> [GIVEN DATA]:
=== Section Start ===

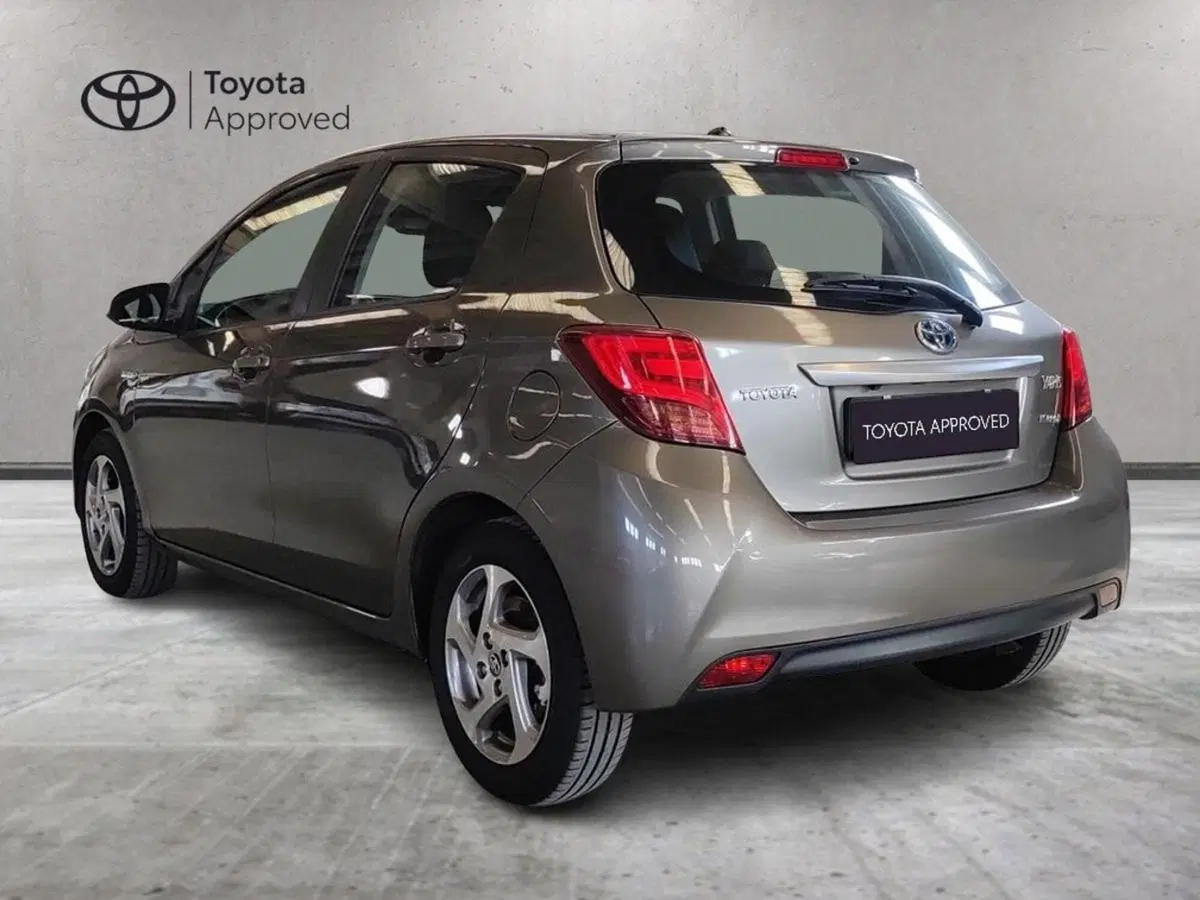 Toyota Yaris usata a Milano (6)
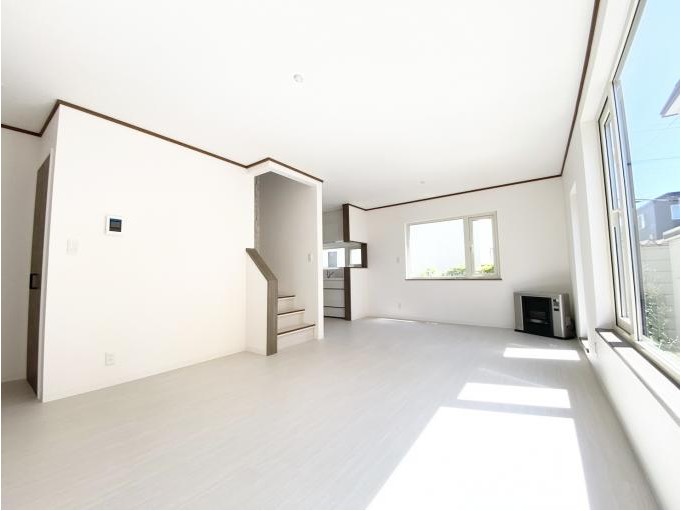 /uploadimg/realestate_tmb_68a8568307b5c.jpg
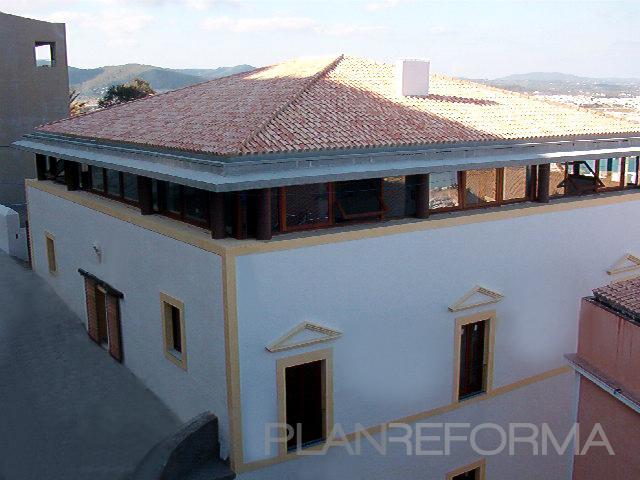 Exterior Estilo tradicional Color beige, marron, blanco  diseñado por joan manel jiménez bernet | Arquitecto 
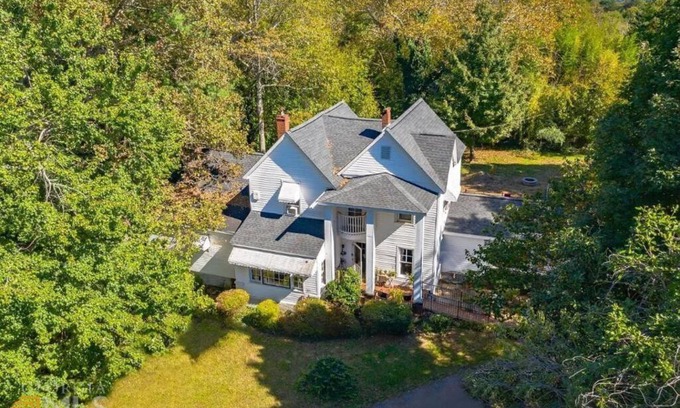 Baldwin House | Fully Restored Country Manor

=== Section End ===

> [WHAT YOU SHOULD DO]:
With pictures omitted, restate exactly every line from the one containing "Exterior Estilo tradicional" through the last line of the material, inclusive.

> [SOLUTION TO THIS EXERCISE]:
 Exterior Estilo tradicional Color beige, marron, blanco  diseñado por joan manel jiménez bernet | Arquitecto 
 Baldwin House | Fully Restored Country Manor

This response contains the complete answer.